**EXERCISE PROMPT**
Repeat the line that contains "Certified 2025 Toyota" exactly, along with each following line up to and including the last line of the entries.

Records drawn from a dataset:
►

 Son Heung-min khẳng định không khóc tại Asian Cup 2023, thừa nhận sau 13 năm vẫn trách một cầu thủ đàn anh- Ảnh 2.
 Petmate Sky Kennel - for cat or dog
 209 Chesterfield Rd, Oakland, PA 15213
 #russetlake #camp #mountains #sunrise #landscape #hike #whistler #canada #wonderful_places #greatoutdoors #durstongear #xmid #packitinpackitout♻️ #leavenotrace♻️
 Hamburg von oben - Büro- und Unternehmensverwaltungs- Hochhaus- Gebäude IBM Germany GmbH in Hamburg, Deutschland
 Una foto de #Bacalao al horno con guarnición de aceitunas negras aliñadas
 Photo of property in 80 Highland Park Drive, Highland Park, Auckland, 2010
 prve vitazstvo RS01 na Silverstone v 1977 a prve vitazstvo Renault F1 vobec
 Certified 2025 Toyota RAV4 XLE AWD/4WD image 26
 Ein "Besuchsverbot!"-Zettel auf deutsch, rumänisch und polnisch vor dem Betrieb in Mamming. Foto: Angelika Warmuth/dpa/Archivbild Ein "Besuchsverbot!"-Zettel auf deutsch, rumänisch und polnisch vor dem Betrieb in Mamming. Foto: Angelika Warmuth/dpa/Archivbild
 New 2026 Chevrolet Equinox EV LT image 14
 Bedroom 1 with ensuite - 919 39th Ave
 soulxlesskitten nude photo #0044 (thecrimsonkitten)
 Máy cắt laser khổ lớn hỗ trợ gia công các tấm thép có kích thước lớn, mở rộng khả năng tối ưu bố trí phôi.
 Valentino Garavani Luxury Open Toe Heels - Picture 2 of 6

◄

**COMPLETED TASK**
 Certified 2025 Toyota RAV4 XLE AWD/4WD image 26
 Ein "Besuchsverbot!"-Zettel auf deutsch, rumänisch und polnisch vor dem Betrieb in Mamming. Foto: Angelika Warmuth/dpa/Archivbild Ein "Besuchsverbot!"-Zettel auf deutsch, rumänisch und polnisch vor dem Betrieb in Mamming. Foto: Angelika Warmuth/dpa/Archivbild
 New 2026 Chevrolet Equinox EV LT image 14
 Bedroom 1 with ensuite - 919 39th Ave
 soulxlesskitten nude photo #0044 (thecrimsonkitten)
 Máy cắt laser khổ lớn hỗ trợ gia công các tấm thép có kích thước lớn, mở rộng khả năng tối ưu bố trí phôi.
 Valentino Garavani Luxury Open Toe Heels - Picture 2 of 6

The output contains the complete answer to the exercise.